MANILA - Malacañang on Saturday lamented what it described as "injustice" against 56 people charged and held for the Maguindanao massacre but were acquitted when the court handed down its verdict Thursday.
In a statement, Presidential Spokesperson and Chief Presidential Legal Counsel Salvador Panelo cited how those acquitted had wasted years detained while on trial for the 2009 massacre of 58 people in Ampatuan town, Maguindanao.
Panelo once served as defense counsel for Andal Ampatuan Jr. of the powerful Ampatuan political clan convicted with 42 others for the slaughter of supporters of a rival politician and 32 journalists.
"While the rule of law has prevailed following [the] promulgation by the trial court on the case of the Maguindanao massacre, the Palace notes that there are serious flaws in our justice system long existing and must be rectified, if we are to be fealty to the rule of law and due process as enshrined in our Constitution," said Panelo.
He said that while efforts of state prosecutors were commendable, it showed how the "hasty" filing of charges against those eventually acquitted had cost them productive years in their lives.
Most of those acquitted were police officers.
"An analysis of the court’s judgment shows that 10 years of what could have been productive lives of 56 acquitted accused have been wasted in incarceration, and necessarily their families have since become dysfunctional, with their wives and their children bearing the brunt of the stigma and the humiliation that come with it, scarring them for the rest of their lives," he said.
"This is an injustice that cannot be countenanced nor continue. It must not find print ever again in the pages of our history as a nation," he added.
Reflecting his years spent in litigation, Panelo described as an "aberration" the indictment of suspects on flimsy evidence.
"The hasty and heedless filing of an information is due either to the faulty appreciation of evidence by - or the fear of - the investigating prosecutor to be subjected to an administrative sanction or get a reprisal from the complainant if the case is dismissed at the preliminary investigation stage," he said.
Panelo said there were "hundreds of similar pending cases," where suspects are detained for years only to be acquitted later. He also cited wasted government resources in futile litigation.
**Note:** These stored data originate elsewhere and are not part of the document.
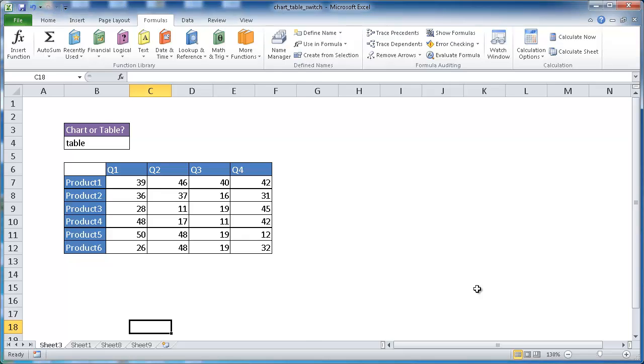Hi, in this session I'm going to cover how to use a drop-down list to switch between a table or a chart.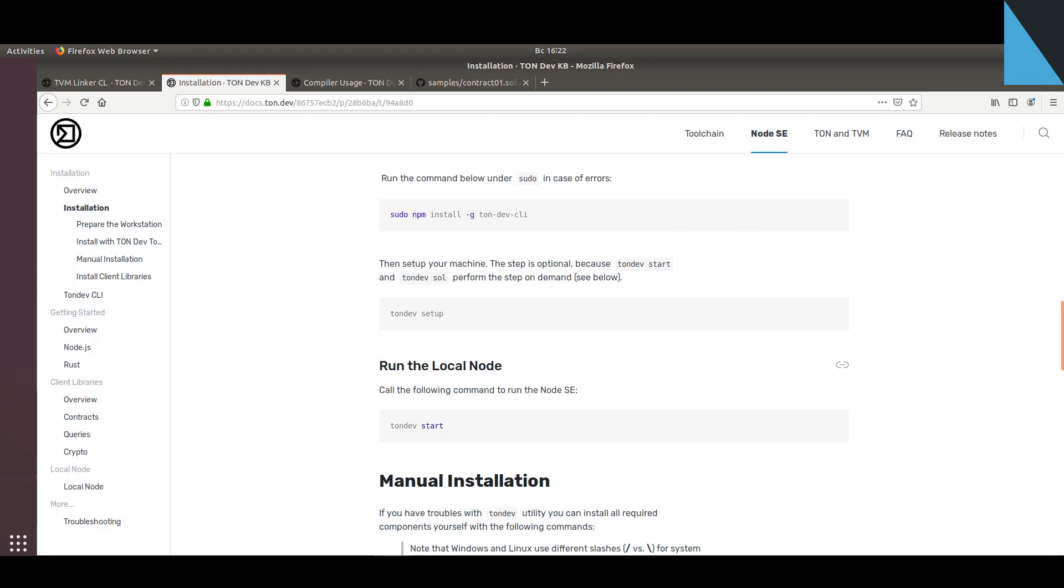Hello, in this brief tutorial I will tell you how to install TonLabs Node Startup Edition. I will again refer to our documentation. You can see that installation only takes three brief steps.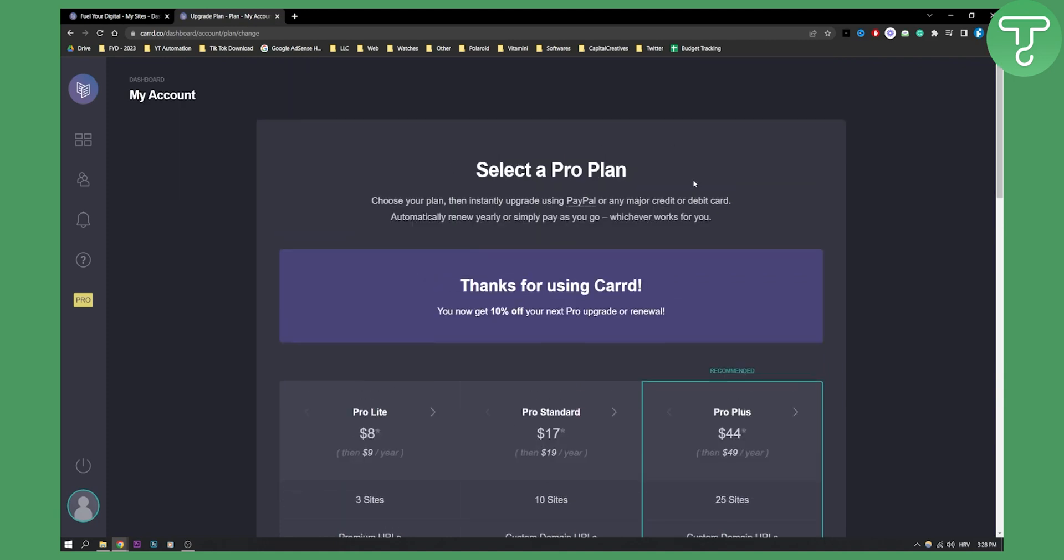So basically, the answer to this video is to upgrade to a Pro plan. You need to upgrade to a Pro plan in order to remove the Carrd watermark on your Carrd website.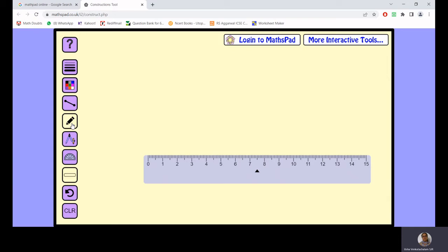Of any measurement of your choice. Let me take maybe seven centimeters. This is the length of the line segment I draw.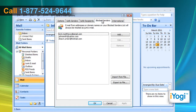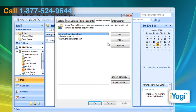Click on the Block Senders tab. You may find a list of email addresses under the Block Senders category. Select the email address of the sender that you want to unblock and then click on the Remove button. Click on Apply and then click on OK.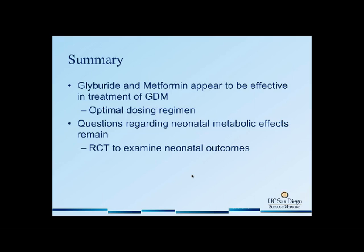In summary, glyburide and metformin appear to be effective in the treatment of GDM. However, optimal dosing, at least for glyburide, is still in question, and we still have some questions regarding neonatal metabolic effects. A large randomized controlled trial needs to be performed to examine these neonatal outcomes, but it requires collaboration between multiple centers.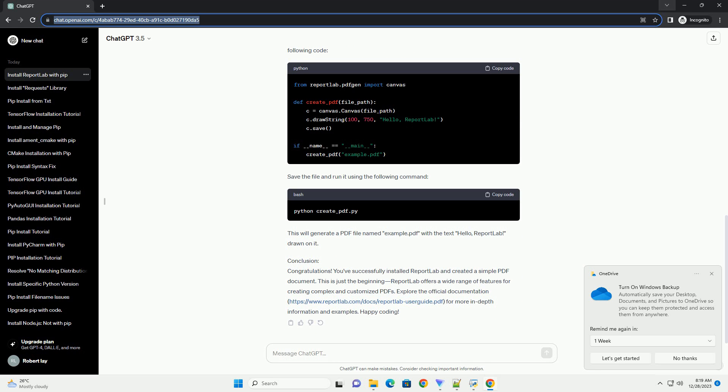Step 4: Verify the Installation. After the installation is complete, you can verify it by importing the ReportLab library in a Python script or an interactive Python session. Create a new Python file or open a Python interpreter and type the following. This should print the installed version of ReportLab, confirming that the installation was successful.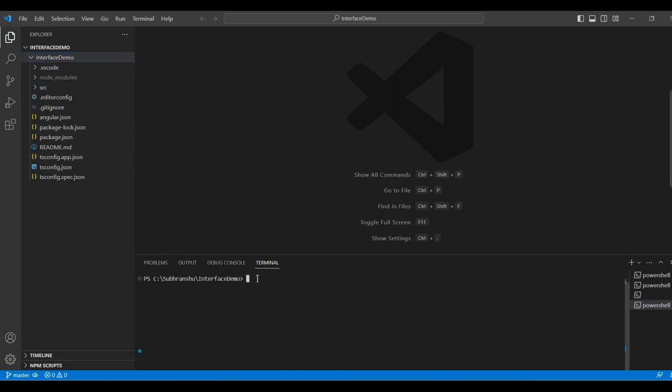What we will do? We will go to our application directory. For that, I will type cd my application name, that is interface demo. Hit enter. Now, we are in the application directory.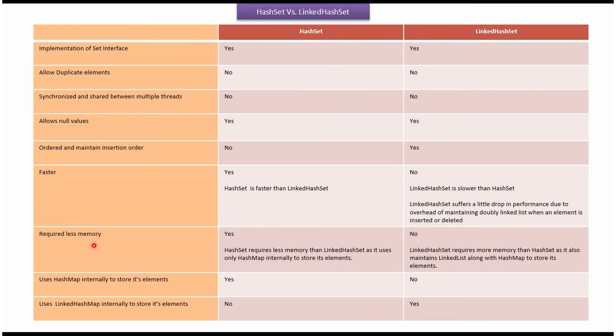Required less memory: in case of HashSet, yes; in case of LinkedHashSet, no. HashSet requires less memory than LinkedHashSet. LinkedHashSet requires more memory than HashSet.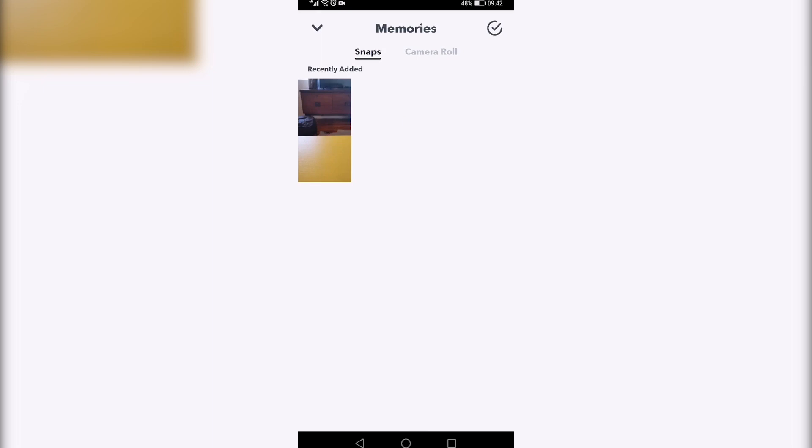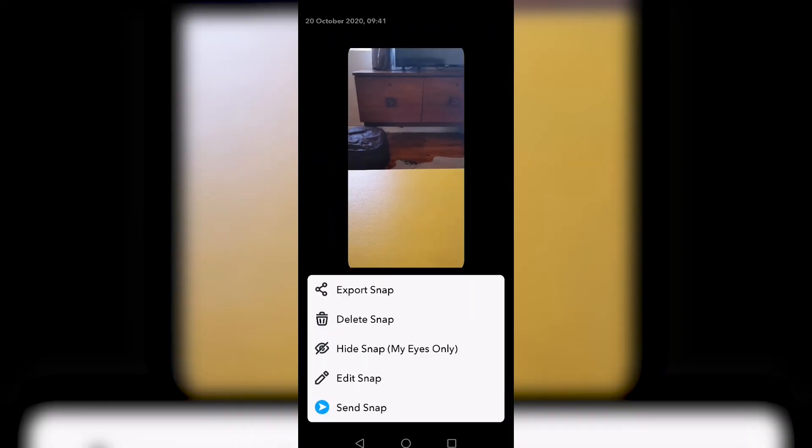Now it's finished uploading. If I tap on it, you'll see the memory is now here. If I tap on those three vertical dots at the top right, and then I tap on edit snap at the bottom,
"Aside from throwing away productive years of those accused who were pronounced not guilty, government resources, including man-hours and effort, have gone to waste. This is one lesson we must all learn lest we repeat the same grievous error at the cost of liberty and honor of the innocents," Panelo said.
On Thursday, Quezon City Regional Trial Court Branch 221 Judge Jocelyn Solis-Reyes found 43 accused in the massacre, including several members of the Ampatuan clan, guilty of 57 counts of murder.
The ruling did not cover the 58th victim, Reynaldo Momay, as his body has not been found to this day. It denied the Momay family's claim for civil damages.
The court also acquitted 56 accused, mostly police officers, who were released a day after the promulgation of judgment.